* [INSTRUCTIONS FOR THE TASK]: Produce a verbatim transcript of the entries below, excluding pictures.

Short text fragments from websites:
........

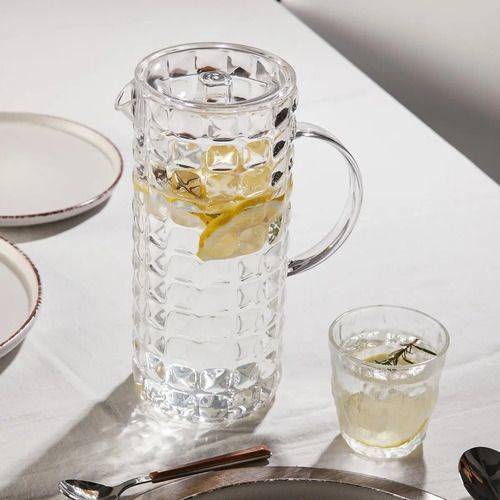 Jarra Gallipoli Sakura Clear Acrílico Premium 1.7l Transparente - Vista 4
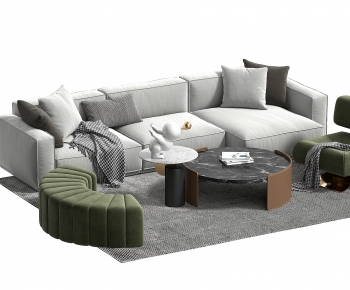 Modern Sofa Combination-ID:418534045
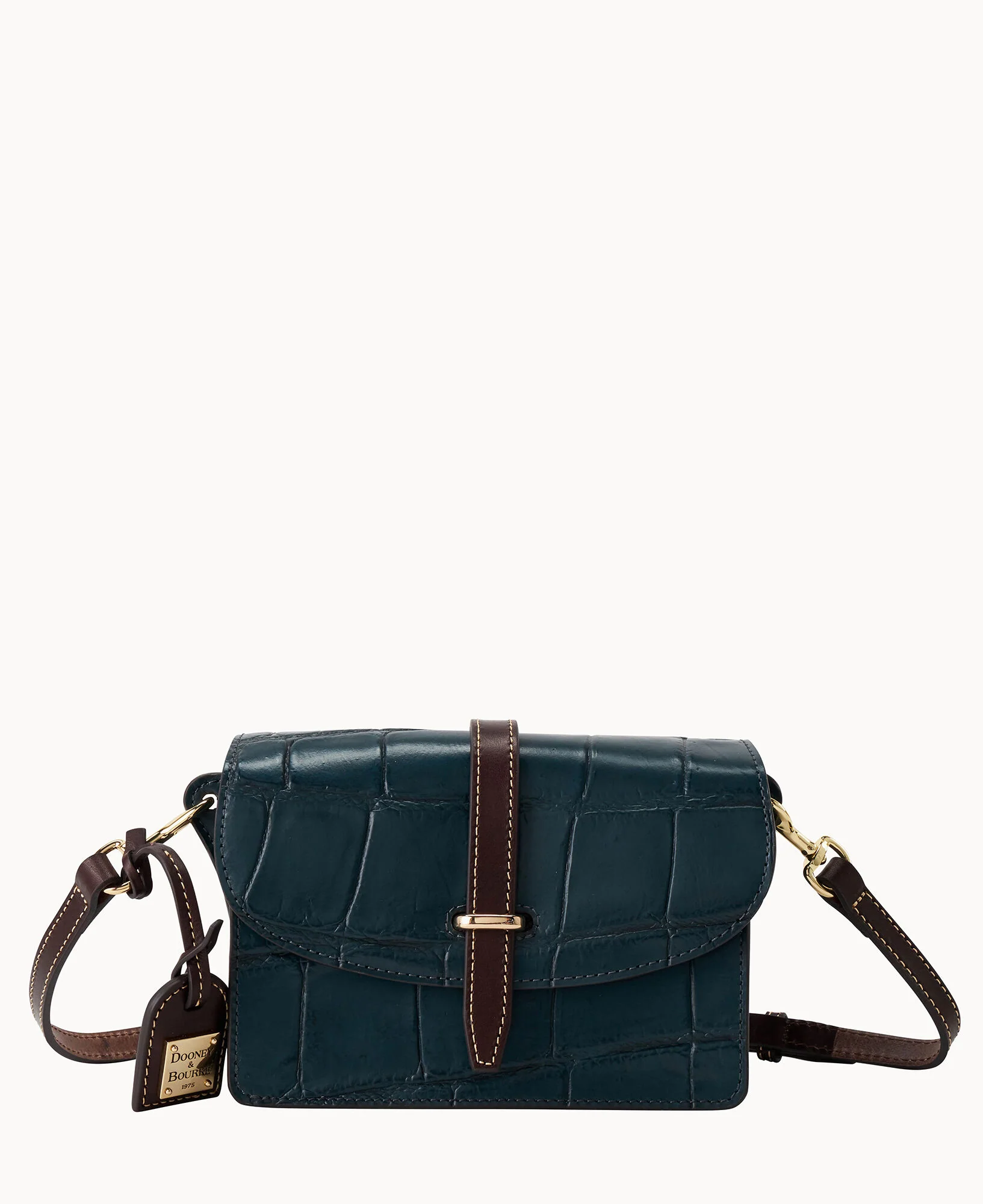 Denison Small Flap Crossbody - Image 17
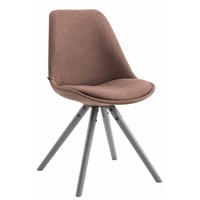 CLP Toulouse Rund Stoff braun/grau
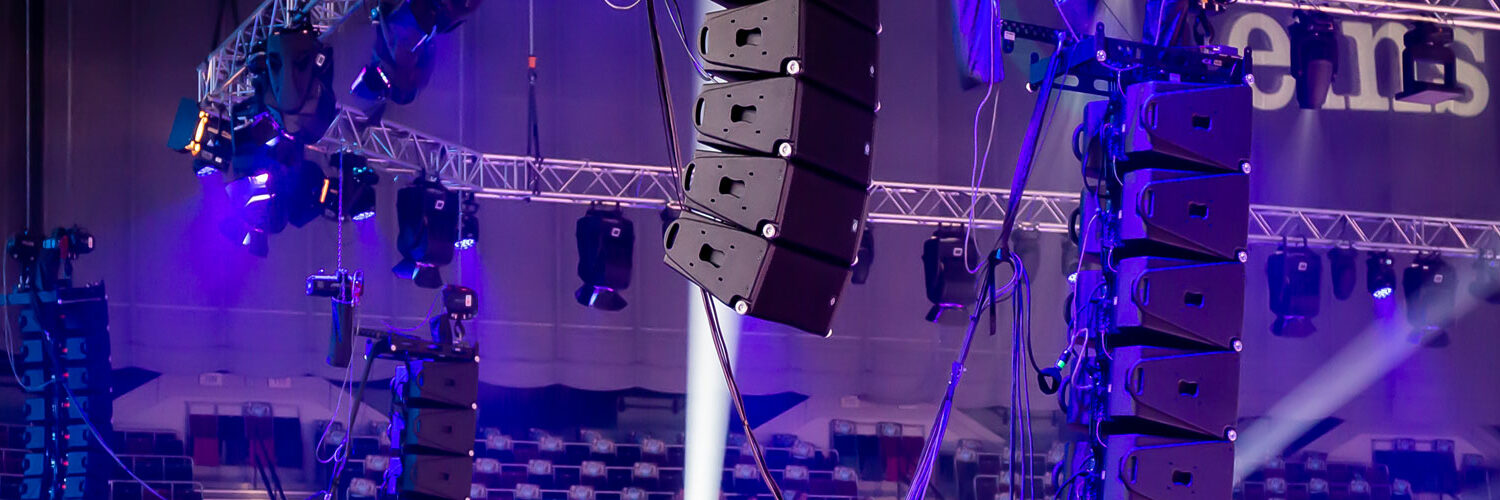 AVM-Event DryHire-Service CODA Audio Lautsprechersysteme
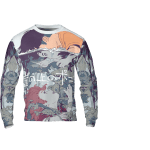 Ponyo and Sosuke under Water 3D Sweatshirt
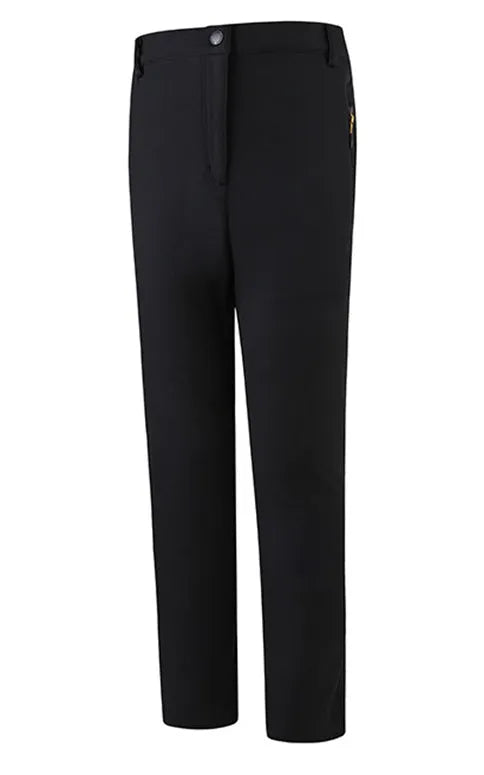 Unisex waterproof breathable trousers in black and grey for men and women sizes L to 5XL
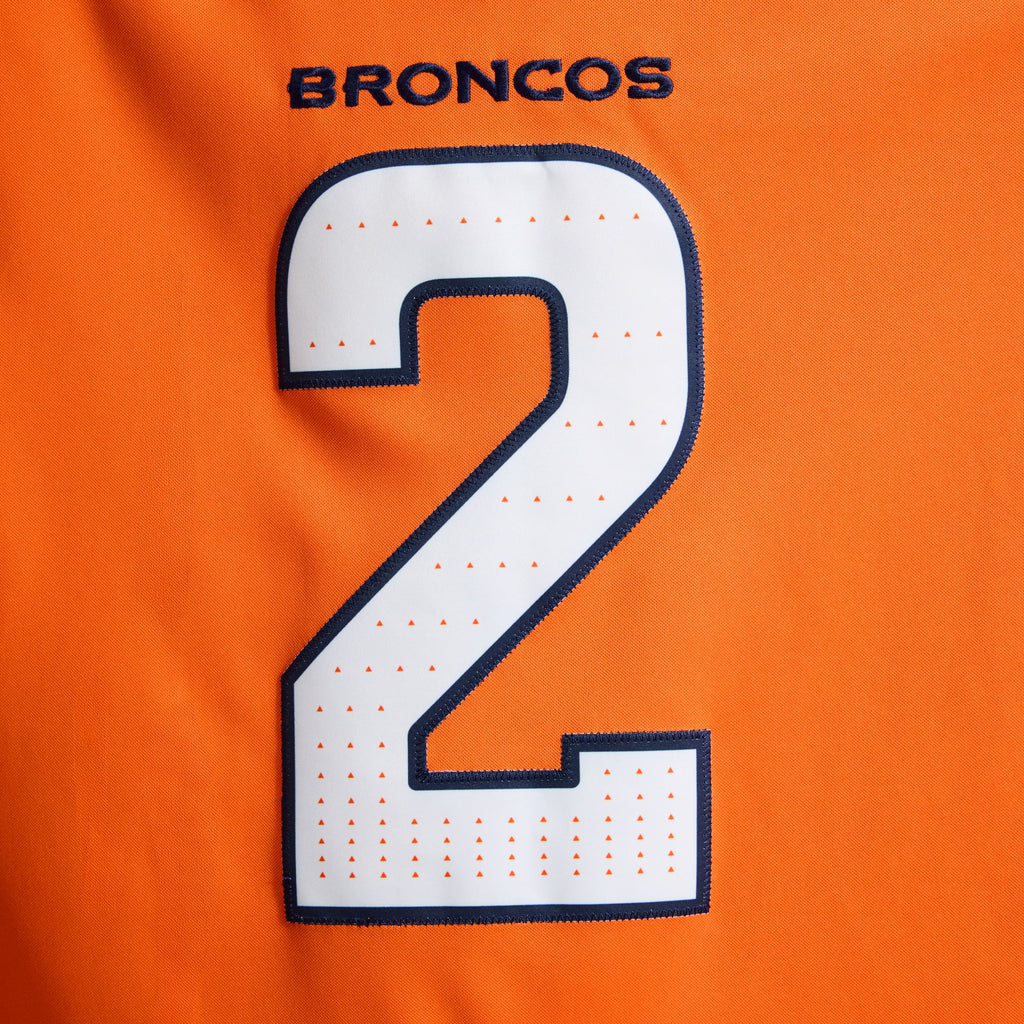 Men's Denver Broncos Pat Surtain II Nike Navy Alternate Vapor F.U.S.E. Stitched Limited Jersey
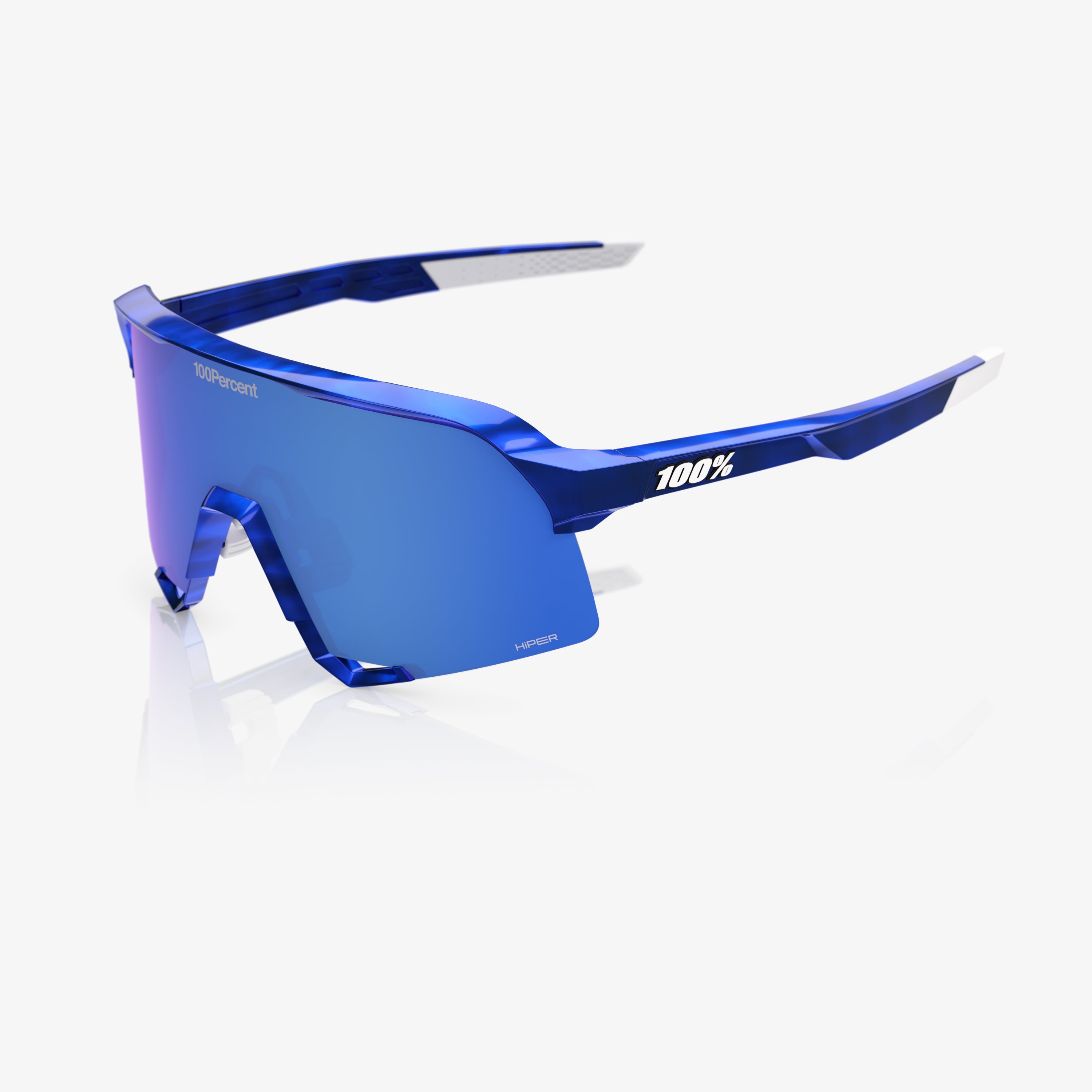 S3 LE RBH Gloss Blue Holographic HiPER Royal Blue Mirror Lens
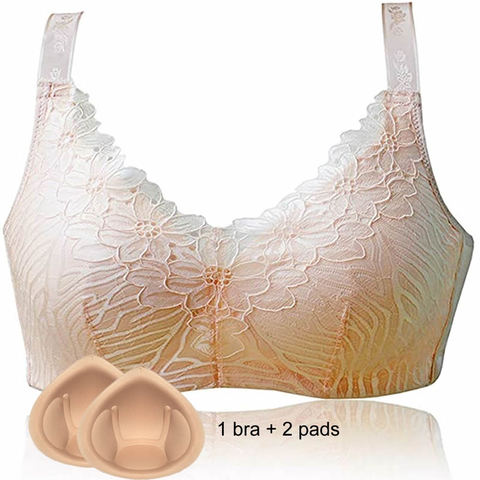 Breast Form Bra Mastectomy Women Bra Designed with  for Silicone Breast Prosthesis ► Photo 1/6
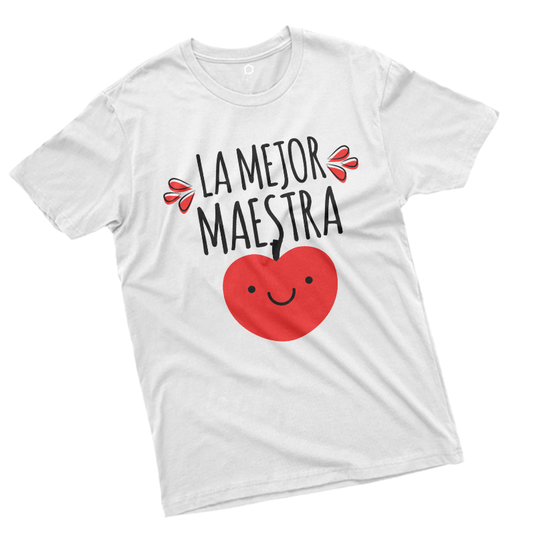 PLAYERA LA MEJOR MAESTRA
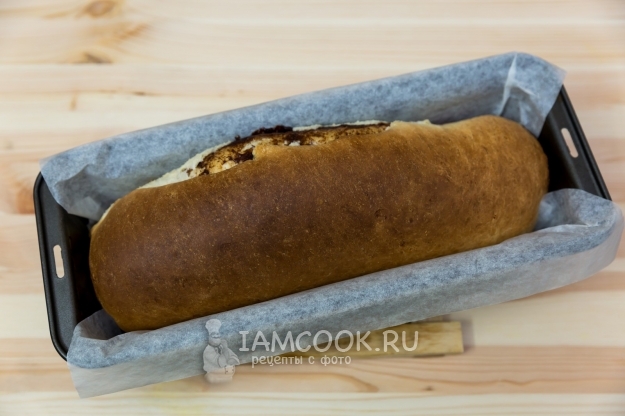 Рецепт сладкого хлеба с корицей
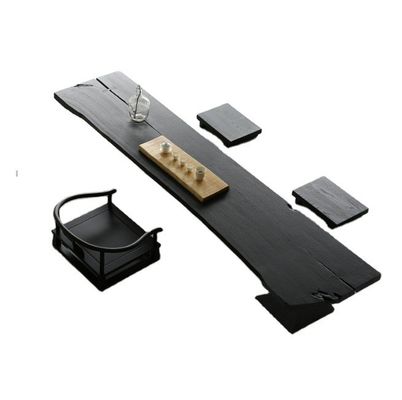 Diseño japonés Comedor de madera maciza Sala de estar Restaurante sillas de nitrolacquer personalizadas acabado para muebles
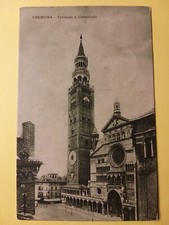 Cremona - Torrazzo e Cattedrale.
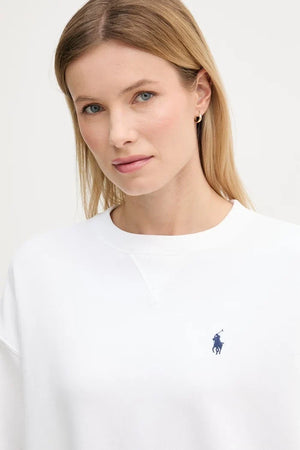 Sudadera de algodón Polo Ralph Lauren para mujer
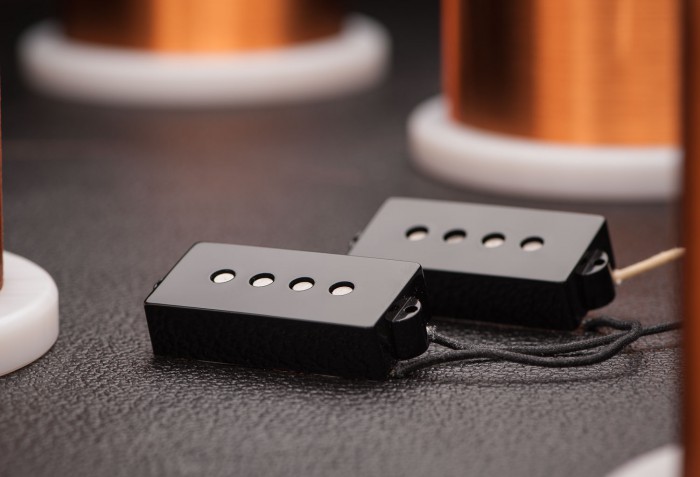 Seymour Duncan Spb-1 Vintage P-bass - Black - Elektrische bas pickup - Variation 1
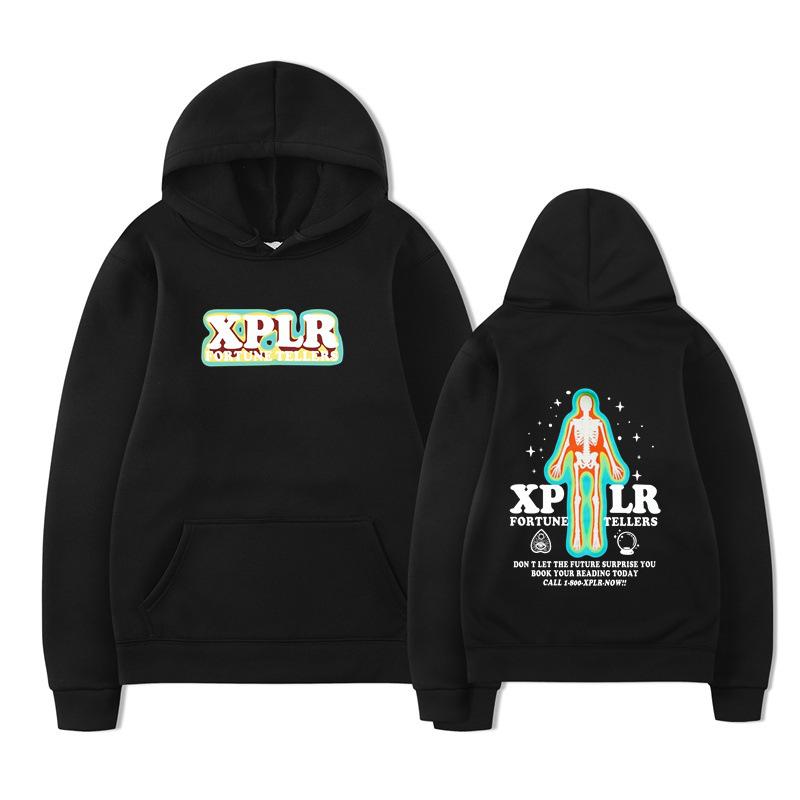 

Fashion Hoodies Men Women Hooded Sweatshirts Fashion Hip Hop Casual Pullovers Autumn Boys Girls Black Streetwear Hoodie S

........

* [ANSWER SPACE]:
 Jarra Gallipoli Sakura Clear Acrílico Premium 1.7l Transparente - Vista 4
 Modern Sofa Combination-ID:418534045
 Denison Small Flap Crossbody - Image 17
 CLP Toulouse Rund Stoff braun/grau
 AVM-Event DryHire-Service CODA Audio Lautsprechersysteme
 Ponyo and Sosuke under Water 3D Sweatshirt
 Unisex waterproof breathable trousers in black and grey for men and women sizes L to 5XL
 Men's Denver Broncos Pat Surtain II Nike Navy Alternate Vapor F.U.S.E. Stitched Limited Jersey
 S3 LE RBH Gloss Blue Holographic HiPER Royal Blue Mirror Lens
 Breast Form Bra Mastectomy Women Bra Designed with  for Silicone Breast Prosthesis ► Photo 1/6
 PLAYERA LA MEJOR MAESTRA
 Рецепт сладкого хлеба с корицей
 Diseño japonés Comedor de madera maciza Sala de estar Restaurante sillas de nitrolacquer personalizadas acabado para muebles
 Cremona - Torrazzo e Cattedrale.
 Sudadera de algodón Polo Ralph Lauren para mujer
 Seymour Duncan Spb-1 Vintage P-bass - Black - Elektrische bas pickup - Variation 1

Fashion Hoodies Men Women Hooded Sweatshirts Fashion Hip Hop Casual Pullovers Autumn Boys Girls Black Streetwear Hoodie S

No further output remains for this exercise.